Earlier, she stated that she believes she has been very consistent in her views through the years, even as the left continued to evolve. This may very well be true, but it is also the reason her views now seem out-dated, and even offensive, to many. Our views on the LGBTQ+ community and feminism have moved on. And many would argue, including myself, for the better.
The heavy sense of irony that permeated over the event, and over the discussion on No Platform, can be summarized in the last question, and more specifically the answer, asked by the president of Libertarian Society. It asked how we could bring back students who have been ‘lost’ back into the conversation.
Dr Williams answered: with events like this one.
When looking around the room, however, the sense of fear many had at the start that the event would be protested, the empty seats despite the full list, and the lack of opposing opinions tells a different story. Though the organisers of the event may have later celebrated the fact that no protestors showed up, and those protesting can be happy that the event was not as full as it was thought it would be, this was a victory for no one.

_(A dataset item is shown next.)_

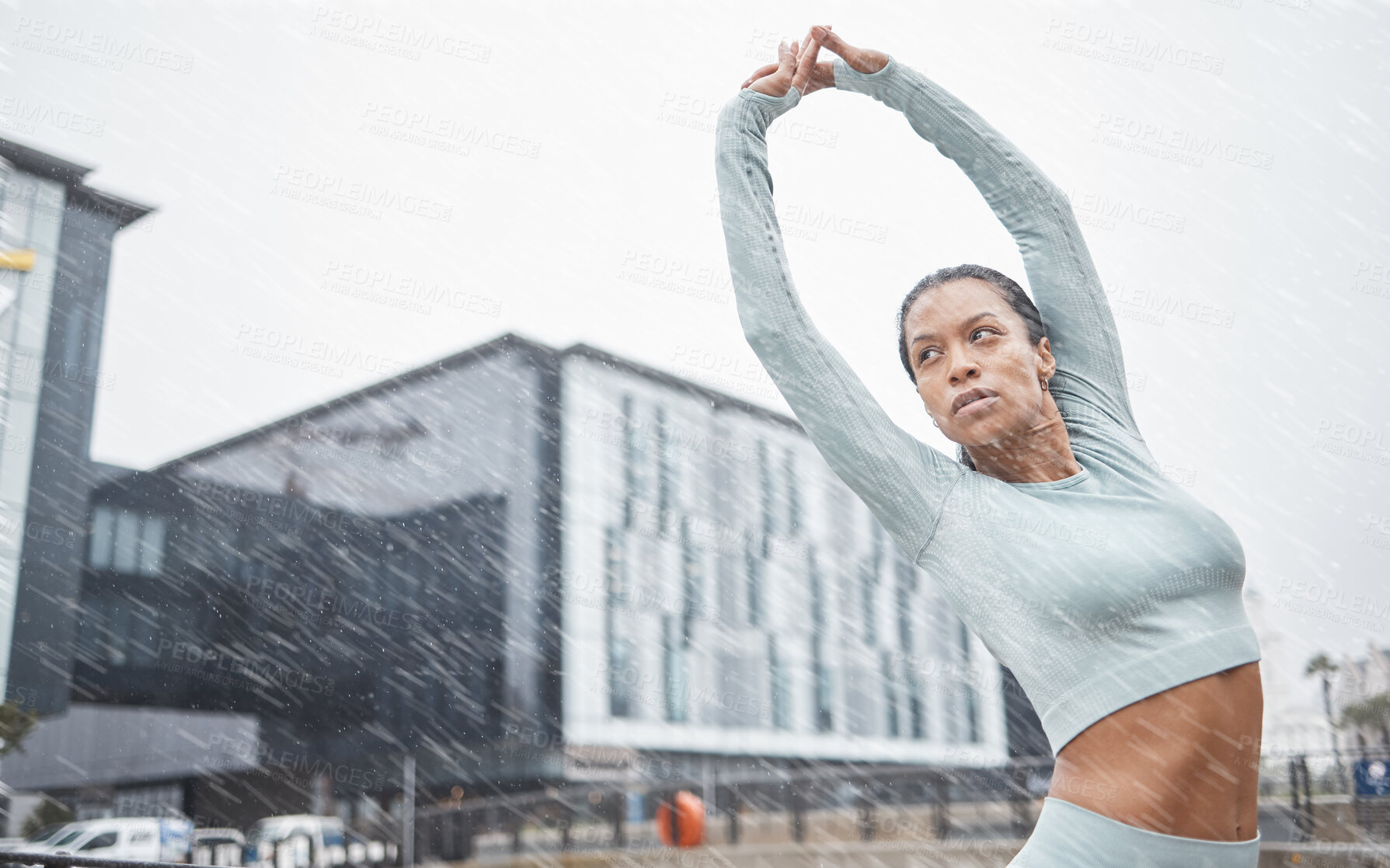 Buy stock photo Black woman, stretching and fitness in rain and city for running training for a marathon. Workout, exercise and run goal motivation of a woman athlete and runner doing sports in winter health warm up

The irony is that Joanna Williams ended her talk by saying that having a space for debate means having a space to change your mind, and yet no one was there to debate her, to disagree with her, explain exactly why she is mistaken, and how her comments can be harmful. She welcomed the idea of her audience disagreeing with her, as I did, and how many others who did not come to the event do, and engaging her in debate. In fact, she believes it is a mistake to assume an audience at a university will blindly agree with a speaker. She expects people to disagree with her and engage. But no one did. And she, and others in the audience who might share opinions that are just as problematic on certain topics, continue to go with their views unchallenged.
People like Joanna Williams who are open to debate and the idea that people do change their minds can be educated in the issues we believe in as long as a real dialogue takes place.

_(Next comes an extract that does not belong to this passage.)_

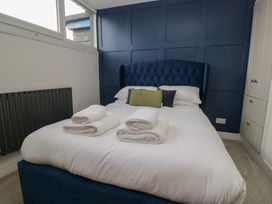 A bedroom with a blue bed and towels at Highfield Cottage in Windermere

There is a clear line in the sand that needs to be drawn with regard to what constitutes hate speech at university, and we must undoubtedly protect marginalised communities from attack. But letting views that can be harmful go through university unseen, either because an event is boycotted, or it is cancelled because of No Platform only puts them more at risk, as these ideas will pass through university without being engaged and challenged, they will reach the political and public sphere intact.
The irony is, the debate over free speech ended in silence.